- Directions: No pictures should appear in the copy; otherwise retype the entries exactly.

- Provided data:
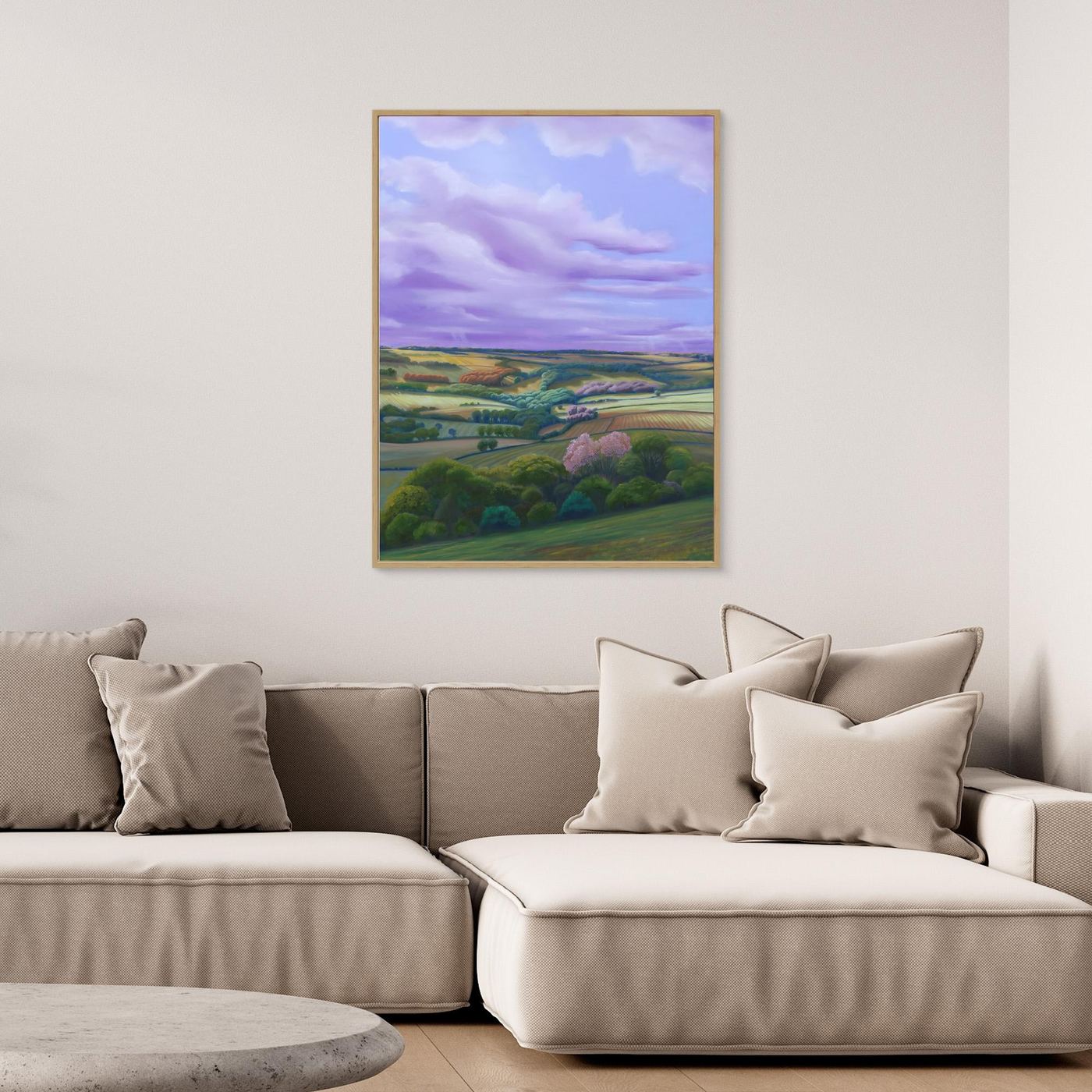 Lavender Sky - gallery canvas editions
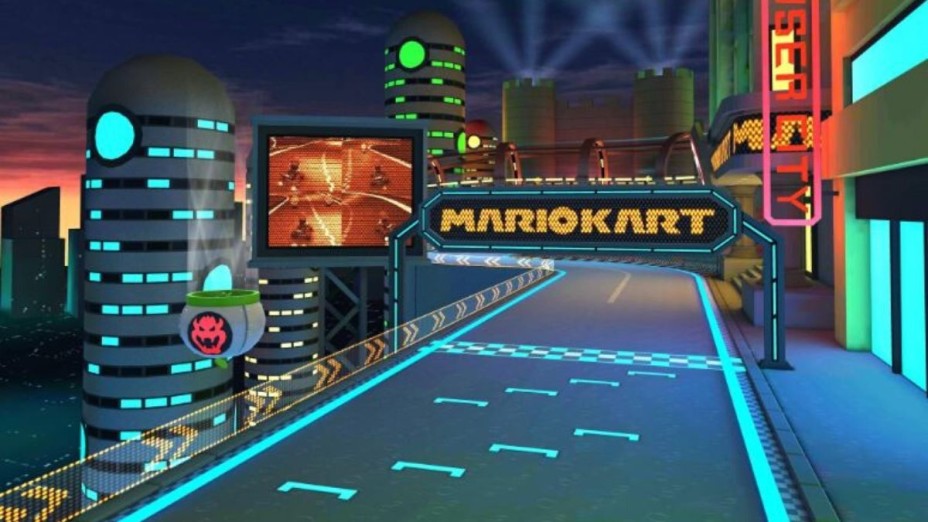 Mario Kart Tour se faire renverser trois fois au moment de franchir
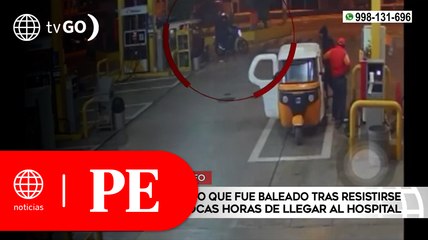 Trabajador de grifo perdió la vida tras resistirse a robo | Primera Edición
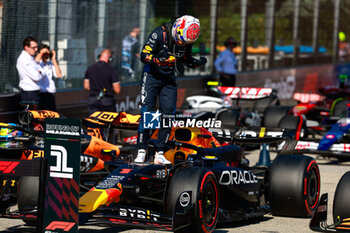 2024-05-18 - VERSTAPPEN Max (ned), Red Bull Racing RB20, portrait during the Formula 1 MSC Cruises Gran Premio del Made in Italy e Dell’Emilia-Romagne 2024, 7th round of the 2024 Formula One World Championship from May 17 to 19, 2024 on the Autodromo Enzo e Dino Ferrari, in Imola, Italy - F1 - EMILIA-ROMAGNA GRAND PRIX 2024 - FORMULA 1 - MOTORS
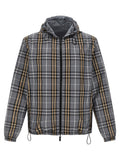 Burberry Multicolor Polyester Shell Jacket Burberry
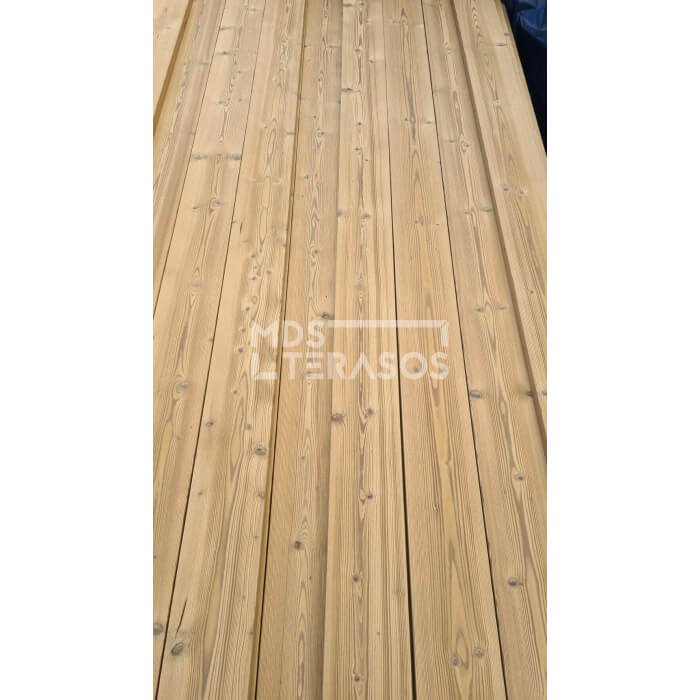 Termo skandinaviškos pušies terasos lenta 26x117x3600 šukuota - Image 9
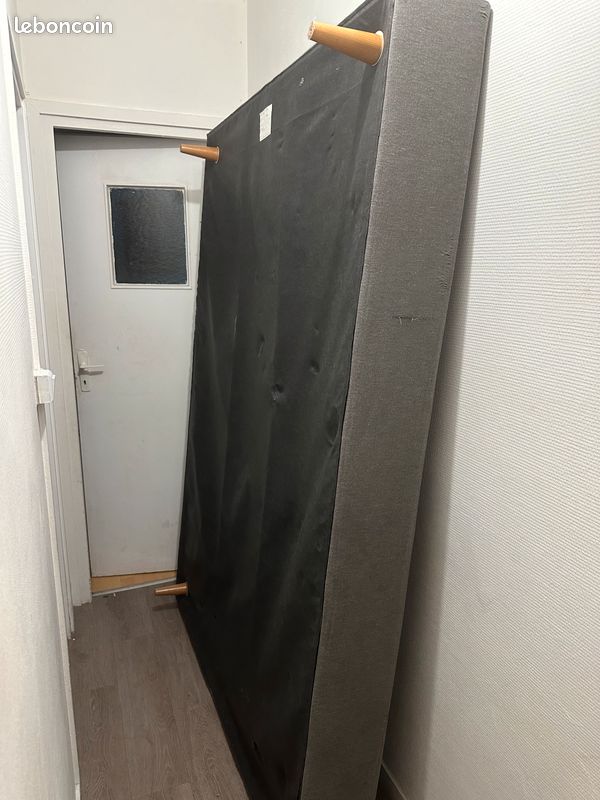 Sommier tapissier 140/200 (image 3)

- Reply:
 Lavender Sky - gallery canvas editions
 Mario Kart Tour se faire renverser trois fois au moment de franchir
 Trabajador de grifo perdió la vida tras resistirse a robo | Primera Edición
 2024-05-18 - VERSTAPPEN Max (ned), Red Bull Racing RB20, portrait during the Formula 1 MSC Cruises Gran Premio del Made in Italy e Dell’Emilia-Romagne 2024, 7th round of the 2024 Formula One World Championship from May 17 to 19, 2024 on the Autodromo Enzo e Dino Ferrari, in Imola, Italy - F1 - EMILIA-ROMAGNA GRAND PRIX 2024 - FORMULA 1 - MOTORS
 Burberry Multicolor Polyester Shell Jacket Burberry
 Termo skandinaviškos pušies terasos lenta 26x117x3600 šukuota - Image 9
 Sommier tapissier 140/200 (image 3)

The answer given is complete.